Call Me By Your Name
The Shape of Water
Who Will Win: Let's narrow it down. Phantom Thread and Call Me By Your Name are too highbrow even by Oscar standards. There is so much overlapping subject matter in Dunkirk and Darkest Hour that you could probably edit them together into something pretty epic, but it's not the kind of year where a war movie wins. The Post came only two years after Best Picture went to Spotlight, another film about journalism in the emerging "Ben Bradlee Cinematic Universe." That leaves us with a pretty strong final four.
The Shape of Water has the most nominations of any movie, which is usually a good sign. However, I still can't imagine that a movie where, all beautiful imagery and art direction aside, a woman gets it on with a fish monster, is going to walk away with Best Picture. Either that or the Academy has become much more open-minded than anyone's been giving it credit for. Get Out's success during this awards season has been groundbreaking and makes me smile warmly with pride as a big-time horror fan. However, it is still a horror film and its journey will end here.

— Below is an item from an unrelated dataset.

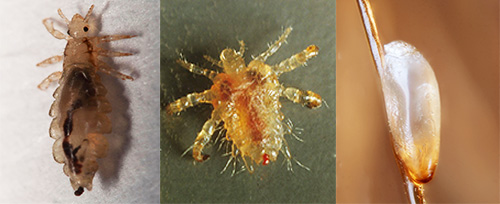 Découvrons les particularités de l'apparence et de la biologie de différentes espèces de poux, voyons à quoi ils ressemblent et comment ils se reproduisent. Découvrons les particularités de l'apparence et de la biologie de différentes espèces de poux, voyons à quoi ils ressemblent et comment ils se reproduisent.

Lady Bird is a genuine contender and seems to be liked by just about everyone, but I'm predicting a win for Three Billboards.
"But Rob, didn't you just admit to underestimating the backlash against La La Land last year?" I haven't forgotten. Three Billboards is even more controversial but it has something important that La La Land didn't have - major relevance to the times we are living in. Dubious racial attitudes aside, this is a movie about one seriously pissed off woman. She is done with your shit, doesn't care what you think and will do whatever she needs to do to get justice. If you don't think that resonates in a year like this one, you might not have been paying attention. But then again, I could be wrong. It's happened before (like last year).
My Choice: To tell you the truth, once I saw that The Florida Project didn't make it into this category, I became much less invested in its outcome this year. As far as the current nominees go, my preferences are as follows: Lady Bird > Dunkirk > Get Out > The Shape of Water > The Post > Three Billboards > Call Me By Your Name > Darkest Hour > Phantom Thread. But how cool would it be if Get Out actually won?
That's all for this year. Be careful with the envelopes!